╭─ Information provided

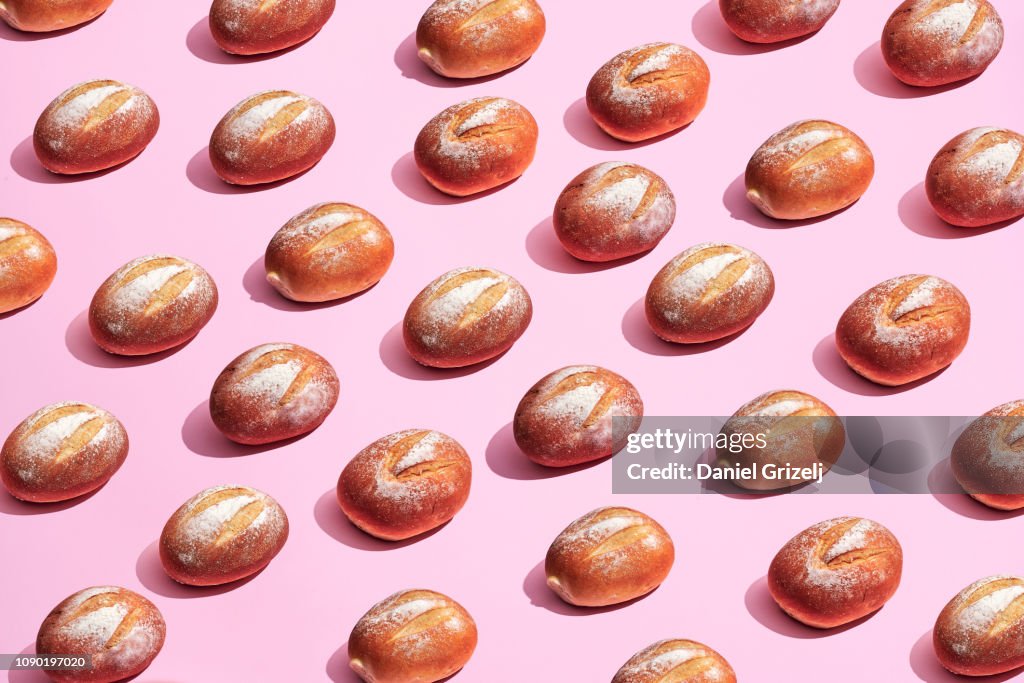 Multiple bread rolls placed in a pattern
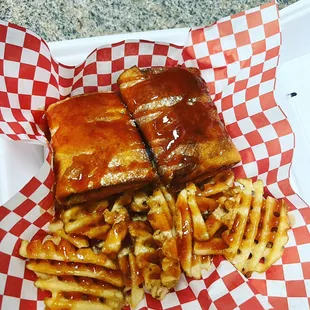 Chicago style Pizza puffs with waffle fries dripping with mild sauce.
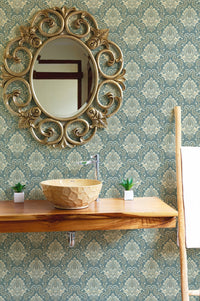Patterned green wallpaper in a bathroom behind a wooden vanity and stone sink.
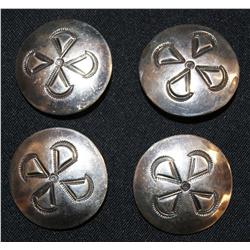 four Navajo buttons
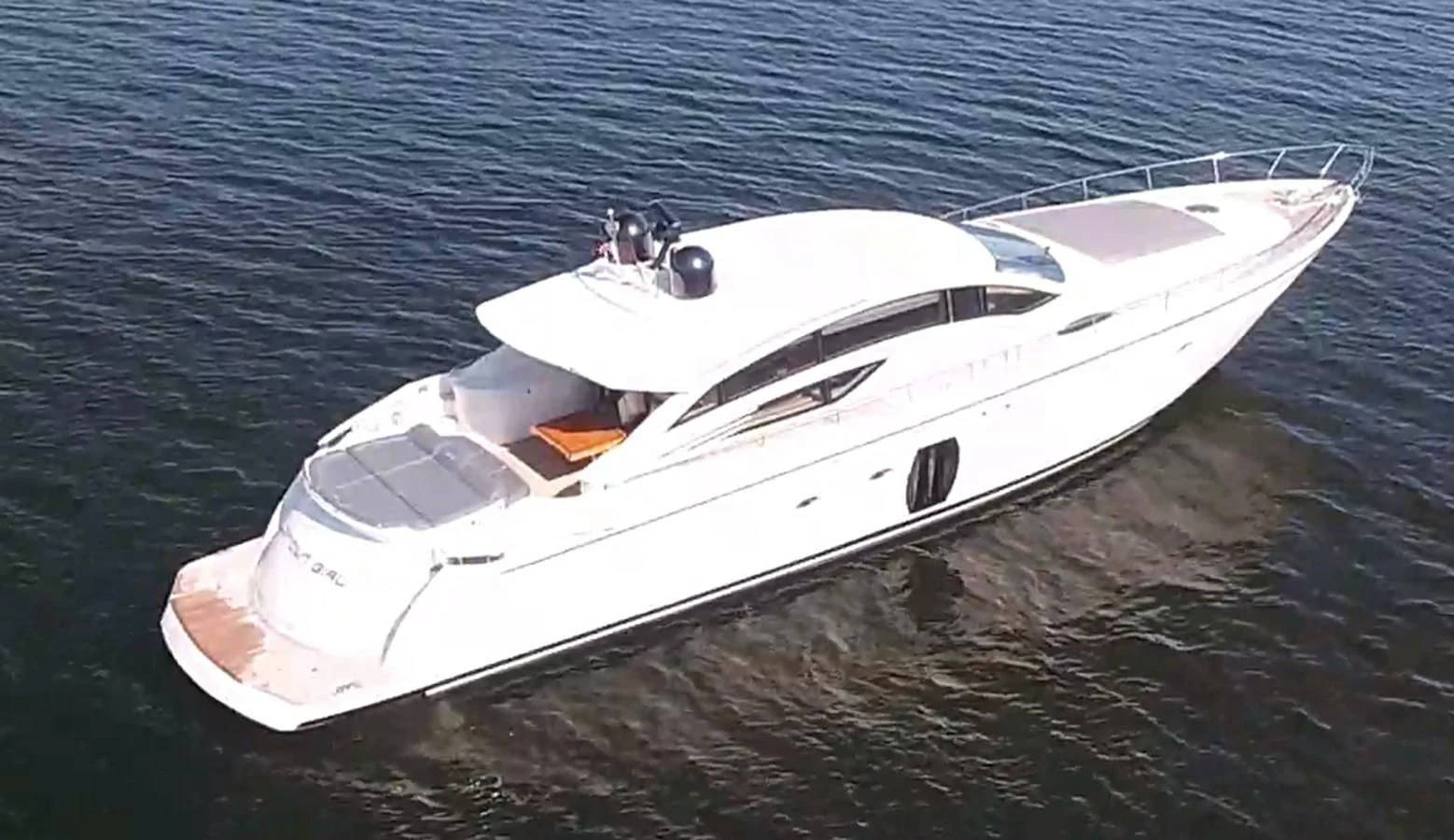 a white boat on the water aboard UPTOWN GIRL Yacht for Sale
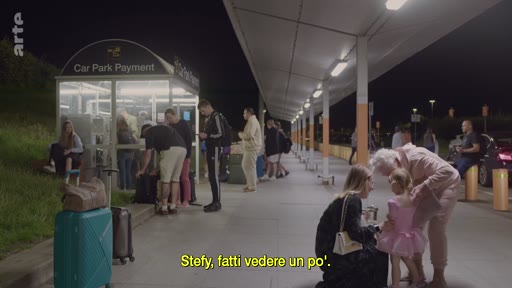 Une grand-mère retrouve sa petite-fille vêtue d'un tutu rose devant une borne de paiement de parking à l'extérieur, lors d'une arrivée à Londres. La scène montre des voyageurs avec leurs bagages dans un environnement nocturne.
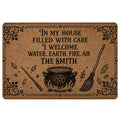 Wicca doormat with black cauldron, broom, wand, crystals, pentagram and ornate botanical border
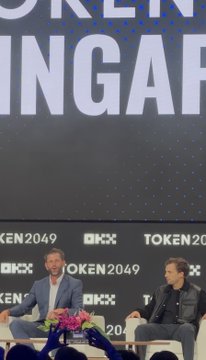 Two men sit on stage at the TOKEN2049 conference (as shown on the large backdrop and repeated logos) for what appears to be a panel discussion, likely capturing the "incredible talks from the legends" mentioned in the post, with the "Token2049 is coming to New York in 2027" announcement tying into the speaker's enthusiasm.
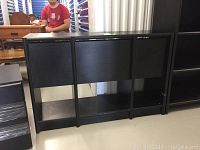 Black wooden tall bookshelf with three shelves on open bottom space, against white wall, on tiled floor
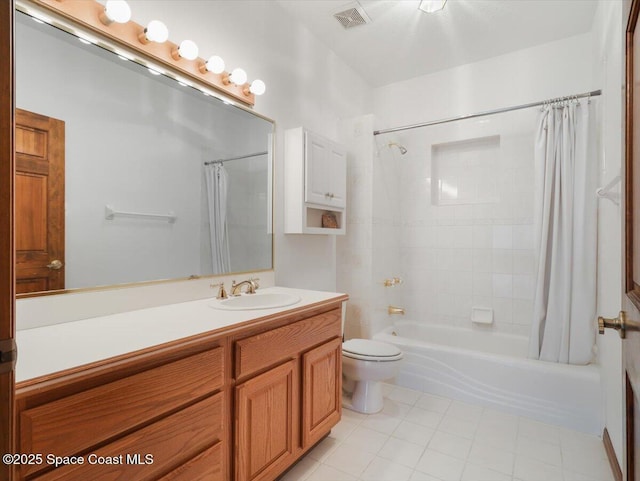 full bathroom featuring shower / bath combination with curtain, vanity, and toilet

╰─

**Problem description:** In the entries above, find the line containing "four Navajo buttons" and the line containing "a white boat", then copy both and every line between them exactly, without any picture.

**Response:**
 four Navajo buttons
 a white boat on the water aboard UPTOWN GIRL Yacht for Sale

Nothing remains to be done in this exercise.